DISH Fires Up Clearwire Investors

Updated

Could DISH Network's counteroffer to Sprint Nextel's offer to buy Clearwire actually succeed? It seems like a long shot because of the strings attached to DISH's tender, but it could still affect what Sprint will need to pay.

On its surface, DISH's $3.30 a share bid seems superior to Sprint's $2.97 offer, and several of Clearwire's minority shareholders are using DISH's bid as clear evidence that Sprint's price falls way short.

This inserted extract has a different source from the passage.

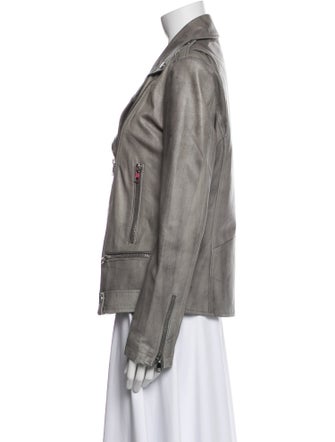 Blanc Noir Leather Biker Jacket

Clearwire shareholders Mount Kellett Capital Management, which holds a 7.3% stake, and Crest Financial, which holds 8.3%, have already complained to the Federal Communications Commission about Sprint's offer, and Bloomberg is reporting that Taran Asset Management, holder of a 0.4% stake, will also file a complaint. In addition, Bloomberg cites a person with knowledge of the situation saying Glenview Capital Management, which owns 4% of the Class A common stock, also plans to reject the Sprint offer.


Clearwire's board of directors have already approved the sale to Sprint, which already owns all of Clearwire's voting Class B shares. But a majority of the Class A shareholders also have to approve the transaction. The four investors mentioned above together control only about 20% of those shares, but the clamor they are causing may persuade more holdouts.

But there's less to DISH's non-binding offer than the share price. The conditions DISH wants Clearwire to make may be too much to swallow -- at least for Clearwire's board. For one thing, DISH wants to be able to buy some of Clearwire's valuable spectrum. For another, it wants Clearwire to help finance the deal.

However, if all DISH wanted to do is to instigate shareholder unrest in order to make Sprint pay more for Clearwire, it may have already succeeded. A higher price tag may force Sprint into selling off some of the spectrum it will get with the Clearwire deal, and if so, DISH may just be there ready to buy it.